Certificate Authority

Certificate Authority

TrustSec introduces two CA models on for enterprises which are suitable for large scale companies and large number of users. A standard CA for small scale companies is also provided with a simple user interface for better user experience.

CA Enterprise

Enterprise Certificate Authority


It is a fully functional Certificate Authority built in Java. Based on JEE5 technology it constitutes a robust, high performance and component based CA. Both flexible and platform independent, Enterprise CA can be used standalone or integrated in any JEE5 application, suitable for large enterprises.


Certificate Authority Features

High Security

A number of security mechanisms are employed, helping significantly to eliminate the risk of fraud, attacks and misuse from unauthorized individuals and hackers.  Enterprise CA Communications between different modules use secure connections (SSL). Also, each message is signed through trusted certificates to prevent Masquerade Attack. Moreover, Database storage can be encrypted to prevent hacker attacks.
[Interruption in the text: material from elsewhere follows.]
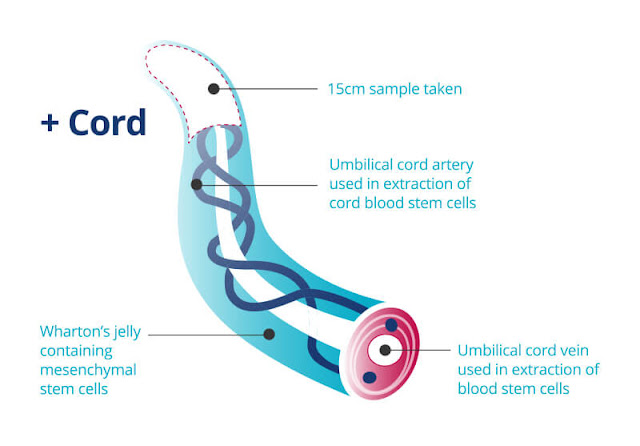 Umbilical Cord Blood to Extract Stem Cells,umbilical cord blood,umbilical cord blood banking,umbilical cord bloodborne,umbilical cord blood vessels,umbilical cord blood stem cells,umbilical cord blood transplant,umbilical cord blood flow,umbilical cord blood collection,umbilical cord blood sampling,umbilical cord blood analysis,umbilical cord blood as a source of stem cells,umbilical cord blood autism,umbilical cord blood acid-base analysis at delivery,umbilical cord blood after falling off,umbilical cord blood and tissue banking,umbilical cord blood and type 1 diabetes,umbilical cord blood acid-base analysis,umbilical cord blood banking cost,umbilical cord blood banking in india,umbilical cord blood banking uk,umbilical cord blood blister,umbilical cord blood banking slideshare,umbilical cord blood banking canada,umbilical cord blood banking price,umbilical cord blood cells,umbilical cord blood clot,umbilical cord blood collection kit,umbilical cord blood circulation,umbilical cord blood collection procedure,umbilical cord blood cerebral palsy,umbilical cord blood cost,umbilical cord blood definition,umbilical cord blood donation uk,umbilical cord blood donation public or private,umbilical cord blood donation risks,umbilical cord blood drug testing,umbilical cord blood donations,umbilical cord blood draw,umbilical cord blood derived mesenchymal stem cells,umbilical cord blood ethical issues,umbilical cord blood exosomes,umbilical cord blood extraction,umbilical cord blood embryonic stem cell,umbilical cord blood explained,umbilical cord blood examples,umbilical cord blood endocrine disruptors,umbilical cord blood erythrocytes,umbilical cord blood flow ultrasound,umbilical cord blood flow problems,umbilical cord blood flow resistance,umbilical cord blood for bone marrow transplant,umbilical cord blood flow high,umbilical cord blood flow restriction,umbilical cord blood for autism,umbilical cord blood gas,umbilical cord blood gases,umbilical cord blood gas analysis,umbilical cord blood gas interpretation,umbilical cord blood gas values,umbilical cord blood gasses,umbilical cord blood gas reference ranges,umbilical cord blood gas normal values,umbilical cord blood harvesting,umbilical cord blood hemoglobin,umbilical cord blood hematopoietic stem cells,umbilical cord blood hla matching,umbilical cord blood hair,umbilical cord blood hormones,umbilical cord blood haematopoietic stem,umbilical cord blood how to donate,umbilical cord blood is rich in stem cells,umbilical cord blood information for childbirth educators,umbilical cord blood injection,umbilical cord blood immunoglobulin,umbilical cord blood infant,umbilical cord blood isolation,umbilical cord blood important,umbilical cord blood in hindi,umbilical cord blood collection jobs,umbilical cord blood jelentése,umbilical cord blood kit,umbilical cord blood natural killer cells,keeping umbilical cord blood,keep umbilical cord blood,should i keep umbilical cord blood,benefits of keeping umbilical cord blood,knowledge and attitudes umbilical cord blood,umbilical cord blood leukemia treatment,umbilical cord blood lifespan,umbilical cord blood location,umbilical cord blood leptin,umbilical cord blood life,umbilical cord blood labs,umbilical cord blood legal,umbilical cord little blood,umbilical cord blood mononuclear cells,umbilical cord blood meaning,umbilical cord blood mesenchymal stem cells,umbilical cord blood msc,umbilical cord blood meaning in hindi,umbilical cord blood multiple sclerosis,umbilical cord blood mesenchymal stem cells flow cytometry,umbilical cord blood mayo clinic,umbilical cord blood newborn,umbilical cord blood nhs,umbilical cord blood nk cells,umbilical cord blood normal range,umbilical cord blood name,umbilical cord blood nucleated cells,newborn umbilical cord blood,umbilical cord blood on clothes,umbilical cord blood overview,umbilical cord blood of neonates,umbilical cord blood of,umbilical cord blood of fetuses,umbilical cord oozing blood,umbilical cord of blood vessels,umbilical cord blood falling off,umbilical cord blood preservation,umbilical cord blood ph,umbilical cord blood products,umbilical cord blood pressure,umbilical cord blood pros and cons,umbilical cord blood plasma,umbilical cord blood ph normal values,umbilical cord blood parkinson's,umbilical cord blood quality and quantity collection up to transplantation,umbilical cord blood quantity,forms the umbilical cord blood vessels quizlet,questions about umbilical cord blood,associated factors of umbilical cord blood collection quality,umbilical cord blood research,umbilical cord blood resistance,umbilical cord blood review,umbilical cord blood research current and future perspectives,umbilical cord blood retrieval program,umbilical cord blood reversal,umbilical cord blood registry,umbilical cord blood research study,umbilical cord blood sampling is also called,umbilical cord blood sampling is called,umbilical cord blood storage,umbilical cord blood supply,umbilical cord blood stem cell transplant,umbilical cord blood saving,umbilical cord blood testing,umbilical cord blood transfusion,umbilical cord blood treatment,umbilical cord blood type,umbilical cord blood transplantation the first 25 years and beyond,umbilical cord blood transplantation challenges and future directions,umbilical cord blood transplantation pros cons and beyond,umbilical cord blood uses,umbilical cord blood uk,umbilical cord blood useful,umbilical cord blood used for leukemia,umbilical cord blood unit,donating umbilical cord blood uk,umbilical cord blood banking uses,umbilical cord blood vessel abnormalities,umbilical cord blood vs. embryonic stem cells,umbilical cord blood vs tissue,umbilical cord blood vessels two,umbilical cord blood volume,umbilical cord blood values,umbilical cord blood venous,umbilical cord blood wiki,umbilical cord blood worth it,umbilical cord blood worth banking,umbilical cord blood what does it mean,umbilical cord blood what to do,umbilical cord with blood,umbilical cord with blood clot,umbilical cord whole blood,can you donate umbilical cord blood,should you save umbilical cord blood,donate your baby's umbilical cord blood,umbilical cord blood banking new zealand,umbilical cord blood banking research,umbilical cord blood banking cost in india,umbilical cord blood banking acog committee opinion,umbilical cord blood banking and its therapeutic uses,umbilical cord blood banking australia,umbilical cord blood banking an update,umbilical cord blood banking acog,umbilical cord blood banking a guide for parents,umbilical cord blood banking pros and cons,umbilical cord blood banking for clinical application and regenerative medicine,umbilical cord blood banking benefits,inside the private umbilical cord blood banking business,best umbilical cord blood bank,baby umbilical cord blood bank,best umbilical cord blood bank in india,umbilical cord blood banking companies,umbilical cord blood banking cost uk,umbilical cord blood banking calgary,umbilical cord blood banking cpt code,umbilical cord blood banking challenges,umbilical cord blood banking definition,family-directed umbilical cord blood banking,delayed umbilical cord clamping and cord blood banking,umbilical cord blood banking ethical issues,free umbilical cord blood banking,blood banking from umbilical cord,umbilical cord blood banking in germany,global umbilical cord blood banking market,history of umbilical cord blood banking,how much is umbilical cord blood banking,umbilical cord blood banking ireland,umbilical cord blood banking iap,umbilical cord blood banking in uae,umbilical cord blood banking worth it,review of literature on umbilical cord blood banking,umbilical cord blood banking montreal,umbilical cord blood banking market,umbilical cord blood banking nhs,umbilical cord blood banking netherlands,acog committee opinion no. 771 umbilical cord blood banking,umbilical cord blood banking ontario,benefits of umbilical cord blood banking,cost of umbilical cord blood banking,advantages of umbilical cord blood banking,purpose of umbilical cord blood banking,causes of umbilical cord blood banking,umbilical cord blood banking ppt,umbilical cord blood banking pdf,umbilical cord blood banking pics,public umbilical cord blood banking,private umbilical cord blood banking,public umbilical cord blood banking canada,umbilical cord blood banking rcog,reliance umbilical cord blood bank,religious perspectives on umbilical cord blood banking,umbilical cord blood banking switzerland,umbilical cord blood banking singapore,umbilical cord blood storage bank,banking umbilical cord blood stem cells,umbilical cord blood banking consensus statement of the indian academy of pediatrics,umbilical cord blood banking toronto,the banking of umbilical cord blood,umbilical cord blood banking usa,umbilical cord blood banking wikipedia,why umbilical cord blood banking,what is umbilical cord blood stem cell banking,umbilical cord bloodborne locations,umbilical cord bloodborne guide,umbilical cord bloodborne reddit,umbilical cord bloodborne use,umbilical cord bloodborne wiki,third umbilical cord bloodborne,arianna umbilical cord bloodborne,first umbilical cord bloodborne,bloodborne umbilical cord arianna,bloodborne umbilical cord abandoned workshop,all umbilical cord bloodborne,bloodborne third umbilical cord arianna,bloodborne all umbilical cord locations,bloodborne umbilical cord lecture building,consume umbilical cord bloodborne,should i consume umbilical cord bloodborne,bloodborne cainhurst umbilical cord,bloodborne umbilical cord dupe,what does umbilical cord do bloodborne,umbilical cord ending bloodborne,eat umbilical cord bloodborne,bloodborne umbilical cord ending explained,bloodborne 3 umbilical cord ending,bloodborne fourth umbilical cord,get umbilical cord bloodborne,bloodborne umbilical cord lecture hall,how to get umbilical cord bloodborne,how to use umbilical cord bloodborne,umbilical cord in bloodborne,umbilical cord locations in bloodborne,bloodborne umbilical cord iosefka,bloodborne third umbilical cord iosefka,should i use umbilical cord bloodborne,third umbilical cord bloodborne locations,all umbilical cord locations bloodborne,3 umbilical cord locations bloodborne,three umbilical cord locations bloodborne,bloodborne umbilical cord lore,1/3 umbilical cord locations bloodborne,last umbilical cord bloodborne,missed umbilical cord bloodborne,bloodborne third umbilical cord missable,bloodborne umbilical cord ng+,one third umbilical cord bloodborne,third of umbilical cord bloodborne,location of umbilical cord bloodborne,pieces of umbilical cord bloodborne,3 pieces of umbilical cord bloodborne,three pieces of umbilical cord bloodborne,umbilical cord pieces bloodborne,umbilical cord too soon bloodborne,second umbilical cord bloodborne,umbilical cord third bloodborne,three umbilical cord bloodborne,bloodborne umbilical cord when to use,bloodborne third umbilical cord use,bloodborne umbilical cord walkthrough,bloodborne umbilical cord workshop,where to get umbilical cord bloodborne,when to consume umbilical cord bloodborne,umbilical cord 2 blood vessels,umbilical cord 3 blood vessels,umbilical cord three blood vessels,umbilical cord blue blood vessels,human umbilical cord blood vessels,umbilical cord contains three blood vessels,umbilical cord blood vessels are,the blood vessels of the umbilical cord are derived from,umbilical cord for blood vessels,forms the umbilical cord blood vessels,blood vessels found in umbilical cord,umbilical cord only has two blood vessels,umbilical cord 2 blood vessels instead of 3,umbilical cord in blood vessel,2 blood vessels in umbilical cord,two blood vessels in umbilical cord,3 blood vessels in umbilical cord,number of blood vessels in umbilical cord,extra blood vessels in umbilical cord,function of blood vessels in umbilical cord,cord blood,cord blood banking,cord blood registry,cord blood banking cost,cord blood stem cells,cord blood donation,cord blood uses,cord blood meaning,cord blood storage,cord blood and tissue banking,cord blood association,cord blood america,cord blood autism,cord blood awareness month,cord blood analysis,cord blood adalah,cord blood and tissue storage,cord blood banking canada,cord blood banking worth it,cord blood benefits,cord blood banking in india,cord blood banking australia,cord blood banking reviews,cord blood collection,cord blood center,cord blood cells,cord blood cbr,cord blood collection kit,cord blood cost,cord blood connect,cord blood contains,cord blood definition,cord blood donation kit,cord blood day,cord blood donation canada,cord blood drug testing,cord blood donation uk,cord blood donor,cord blood evaluation,cord blood ethics,cord blood extraction,cord blood expansion,cord blood edmonton,cord blood educator,cord blood effectiveness,cord blood ethical issues,cord blood for autism,cord blood for cancer,cord blood for covid,cord blood flow,cord blood foundation,cord blood for baby,cord blood freezing,cord blood for sickle cell,cord blood gas,cord blood gas values,cord blood gasses,cord blood group,cord blood gas collection,cord blood genetic testing,cord blood gases venous,cord blood gas calculator,cord blood harvesting,cord blood hla matching,cord blood hsa,cord blood hold,cord blood hsc,cord blood hk,cord blood hong kong,cord blood hematocrit,cord blood is,cord blood infusion,cord blood investigation,cord blood is it worth it,cord blood injections,cord blood in usa,cord blood in hindi,cord blood information,cord blood jobs,cord blood jobs uk,cord blood johor bahru,cord blood collector jobs,cord blood phlebotomist jobs,cord blood banking journal article,cord blood registry jobs,cord blood collection jobs,cord blood kit,cord blood karyotype,cord blood keeping,cord blood kit cost,cord blood kit canada,cord blood kidney failure,cord blood kya hai,cord blood kit donation,cord blood login,cord blood leukemia,cord blood lifetime storage,cord blood lactate,cord blood là gì,cord blood labs,cord blood lymphoma,cord blood lawsuit,cord blood meaning in tamil,cord blood meaning in telugu,cord blood mononuclear cells,cord blood meaning in marathi,cord blood mesenchymal stem cells,cord blood malaysia,cord blood meaning in malayalam,cord blood nk cells,cord blood news,cord blood nhs,cord blood nz,cord blood newborn screening,cord blood necessary,cord blood nucleated cell count,cord blood normal values,cord blood or cord tissue,cord blood options,cord blood of america,cord blood ontario,cord blood of canada,cord blood of america stock,cord blood only or tissue,cord blood oxygen saturation,cord blood ph,cord blood preservation,cord blood pros and cons,cord blood price,cord blood processing,cord blood program,cord blood plasma,cord blood promo code,cord blood questions,cord blood quantity,cord blood quebec,cord blood que es,cord blood banking quebec,cord blood contains quizlet,cord blood banking qatar,cord blood banking quora,cord blood registry login,cord blood registry reviews,cord blood registry tucson,cord blood research,cord blood registry phone number,cord blood registry cost,cord blood registry stock,cord blood sampling,cord blood storage cost,cord blood stem cells uses,cord blood stem cell transplant,cord blood stem cell storage,cord blood stem cell banking,cord blood transplant,cord blood testing,cord blood transfusion,cord blood type,cord blood treatments,cord blood tsh,cord blood tissue,cord blood toronto,cord blood unit,cord blood upsc,cord blood uk,cord blood usa,cord blood uses cancer,cord blood used for siblings,cord blood usage statistics,cord blood vs cord tissue,cord blood vs stem cells,cord blood vs bone marrow,cord blood values,cord blood vessels,cord blood volume,cord blood vs tissue banking,cord blood vs cord lining,cord blood worth it,cord blood workup,cord blood wiki,cord blood what is it used for,cord blood who can use it,cord blood what is it,cord blood what does it cure,cord blood worth it reddit,cord blood yes or no,cord blood youtube,chord young blood,cord blood banking yes or no,cord blood registry yelp,cord blood storage years,cbr cord blood yelp,global cord blood yahoo finance,cord blood zinc levels,cord blood zinc,cord blood registry zoominfo,cord blood bank zurich,cord blood bank new zealand,cord blood center zoznam vyhercov,zhejiang cord blood bank,cord blood banking benefits,cord blood banking companies,cord blood banking acog,cord blood banking autism,cord blood banking atlanta,cord blood banking alberta,cord blood banking accreditation,cord blood banking aetna,cord blood banking and delayed cord clamping,cord blood banking bc,cord blood banking bay area,cord blood banking boston,cord blood banking best,cord blood banking best company,cord blood banking belgium,cord blood banking babycenter,cord blood banking calgary,cord blood banking california,cord blood banking cons,cord blood banking covered by insurance,cord blood banking chicago,cord blood banking donation,cord blood banking dallas,cord blood banking discount,cord blood banking denver,cord blood banking down syndrome,cord blood banking deals,cord blood banking diseases,cord blood banking denmark,cord blood banking edmonton,cord blood banking evidence,cord blood banking ethical issues,cord blood banking europe,cord blood banking ethics,cord blood banking evidence based birth,cord blood banking expiration,cord blood banking edmonton alberta,cord blood banking free,cord blood banking for siblings,cord blood banking facts,cord blood banking for potential future transplantation,cord blood banking florida,cord blood banking for twins,cord blood banking fda approved,cord blood banking faq,cord blood banking guidelines,cord blood banking germany,cord blood banking government,cord blood banking good or bad,cord blood banking google scholar,cord blood banking good,public cord blood banking georgia,cord blood banking cost germany,cord blood banking houston,cord blood banking hsa,cord blood banking hong kong,cord blood banking how much does it cost,cord blood banking history,cord blood banking how it works,cord blood banking how to,cord blood banking how long does it last,cord blood banking ireland,cord blood banking is it worth it,cord blood banking in india cost,cord blood banking insurance,cord blood banking in hindi,cord blood banking information,cord blood banking in canada,cord blood banking jobs,cord blood banking japan,cord blood banking jobs in canada,cord blood bank jakarta,cord blood banking new jersey,baby cord blood banking jordan,carolinas cord blood bank jobs,cord blood banking kit,cord blood banking kaiser,cord blood banking kuwait,cord blood banking kkh,cord blood banking kenya,cord blood banking kansas city,cord blood banking kidney disease,cord blood banking kentucky,cord blood banking los angeles,cord blood banking login,cord blood banking las vegas,cord blood banking london,cord blood banking lifebank,cord blood banking lifetime,cord blood banking leukemia,cord blood banking long island,cord blood banking meaning,cord blood banking malaysia,cord blood banking montreal,cord blood banking minnesota,cord blood banking michigan,cord blood banking melbourne,cord blood banking mayo clinic,cord blood banking mixed race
Enterprise CA provides the ability to use secure storage for Root/Sub-Root Private Keys (HSM). EJBCA Separates the validation service from the CA service that means The CA service does not have to accept external connections. Also, Enterprise CA Separates the Registration Service from the CA service.


Flexible and easy administration with its user-friendly and recognizable web-based front end. This allows user locations to be geographically independent. Enterprise CA Administration is done through Web GUI, command line or Web Services. Also, Enterprise CA provides Powerful Web based administration GUI using strong authentication. Moreover, there are multiple levels of administrators with specified privileges and roles.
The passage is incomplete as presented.